Knowing her, you'd be forgiven for thinking that she died the day before, on Friday the 13, such was her love affair with signs. Superstitious, she would laughingly track them down and interpret them, never really fooled, with her delightful accent and inimitable verve. She often recounted how, before leaving "la Tchéco," she had consulted a fortune-teller who had told her, "Little Scorpio, you won't die in Bohemia." These days, she said, more nostalgic than ever for her native land: "I'm afraid he's right."
She was a marvelous brunette, slender and always elegant. Born in Prague on October 24, 1935, Vera Hrabankova met Milan Kundera in 1967, during the joyous effervescence of the "Prague Spring." Slender, with very short hair, she looked like Jean Seberg and was six years younger than her (who had already been married very briefly). In her youth, she was hardly happy. When she was still a child, her mother abandoned her, her father and her sisters.
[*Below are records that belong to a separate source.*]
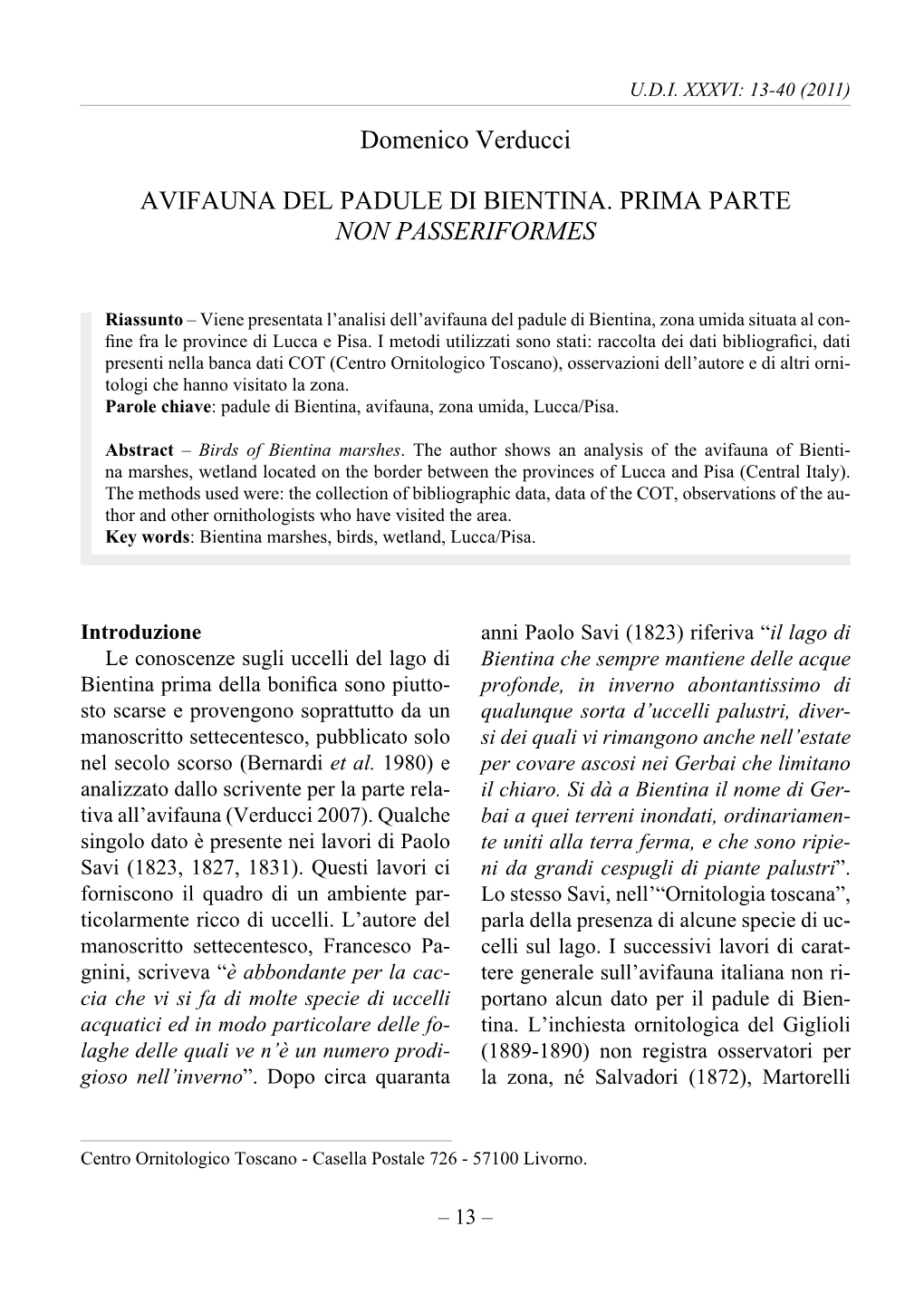 Domenico Verducci Avifauna Del Padule DI Bientina. Prima Parte Non Passeriformes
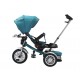 Tricicleta cu scaun reversibil tip moto cu far, pozitie de somn si scaun rotativ, 6-36 luni, lumini si muzica, SL03-Turcoaz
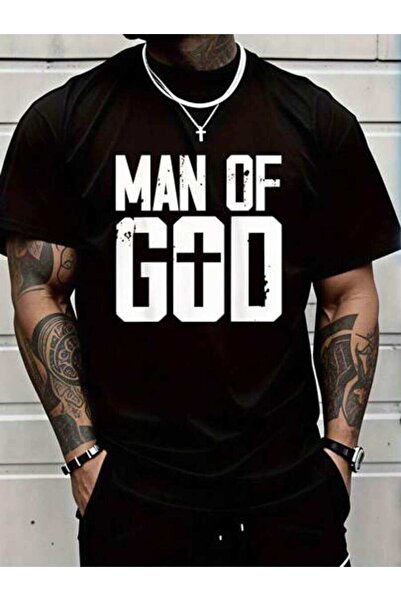 4CR Men's Summer Outfits, Man Of God Graphic Text Theme T-Shirts, Funny Vinta...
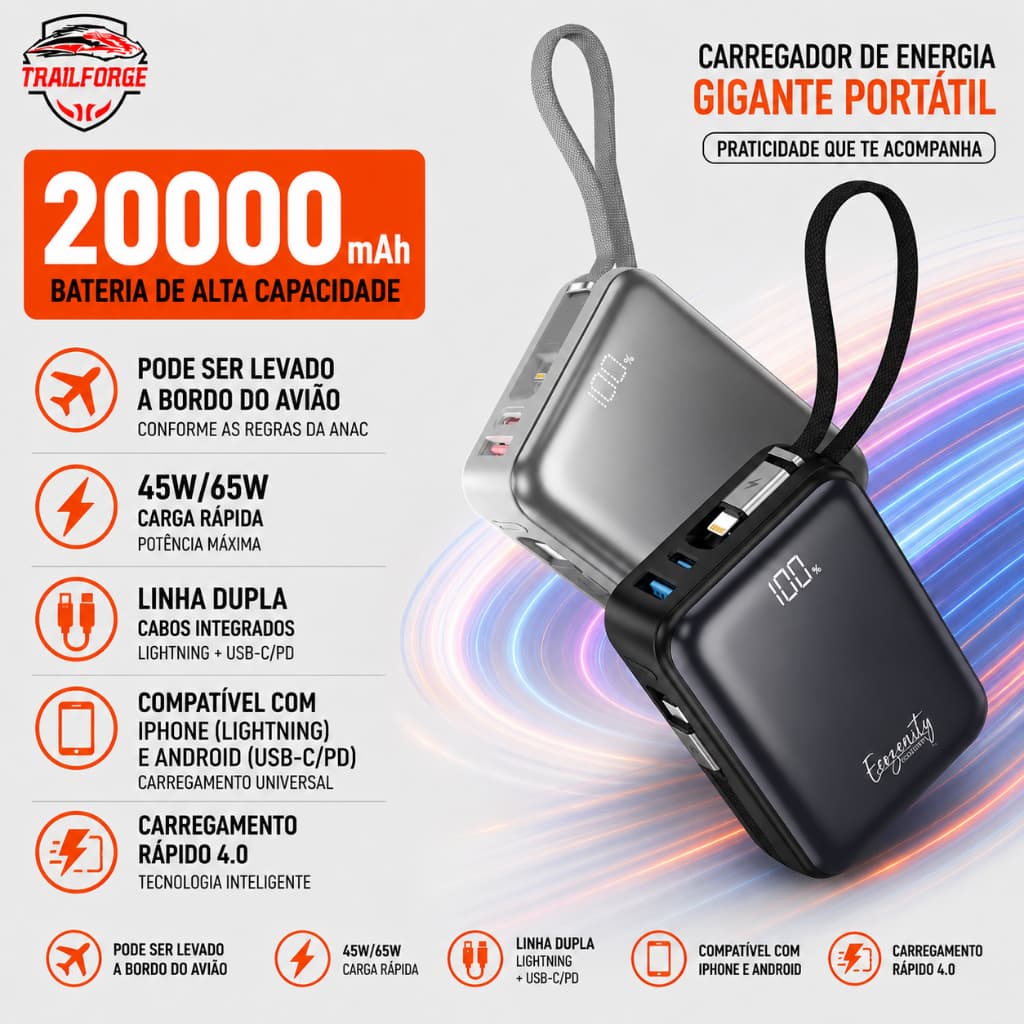 Trailforge Carregador Portátil Power Bank Grande 65W 20000mah Com Displaya Visor do nível da bateria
At the age of 12, she watched one of them, Eva, die before her very eyes of meningitis.
Then her father was unjustly accused of wanting to move to Australia to escape Communist Czechoslovakia. "We didn't have much money then," she tells us in Milan Kundera. Ecrire Quelle Drôle d'Idée ("Milan Kundera: What a funny idea to write!" Gallimard, 2023). "We rented part of our apartment. A French woman who was renting from us claimed that my father wanted to escape illegally. She went to the police and they arrested my father." This remained an incurable trauma for her, and she could not stop talking about her beloved father who had taught her to read at the age of 6 and introduced her to poetry.
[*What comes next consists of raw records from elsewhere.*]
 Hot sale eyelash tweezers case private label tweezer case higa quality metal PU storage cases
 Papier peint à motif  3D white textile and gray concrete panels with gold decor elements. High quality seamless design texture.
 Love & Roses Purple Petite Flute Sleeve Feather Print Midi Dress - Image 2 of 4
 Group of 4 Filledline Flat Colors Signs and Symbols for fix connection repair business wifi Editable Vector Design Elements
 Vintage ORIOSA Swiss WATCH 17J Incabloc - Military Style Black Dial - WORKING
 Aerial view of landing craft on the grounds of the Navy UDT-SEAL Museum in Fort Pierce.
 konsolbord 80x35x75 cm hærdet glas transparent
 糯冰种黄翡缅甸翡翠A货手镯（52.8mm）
While he wasted away in prison, Vera was left to her own devices. At 16, penniless, she found a job in a brewery, like Tereza in L'Insoutenable Légèreté de l'Etre (The Unbearable Lightness of Being, Gallimard, 1984). She served beer at the station in Bruntal, Moravia. "Poetry kept me going." She memorized kilometers of verse "to keep from going mad." She developed a passion for Robert Desnos and Maxim Gorky, perfected her diction, and in 1958, entered and won a local poetry contest.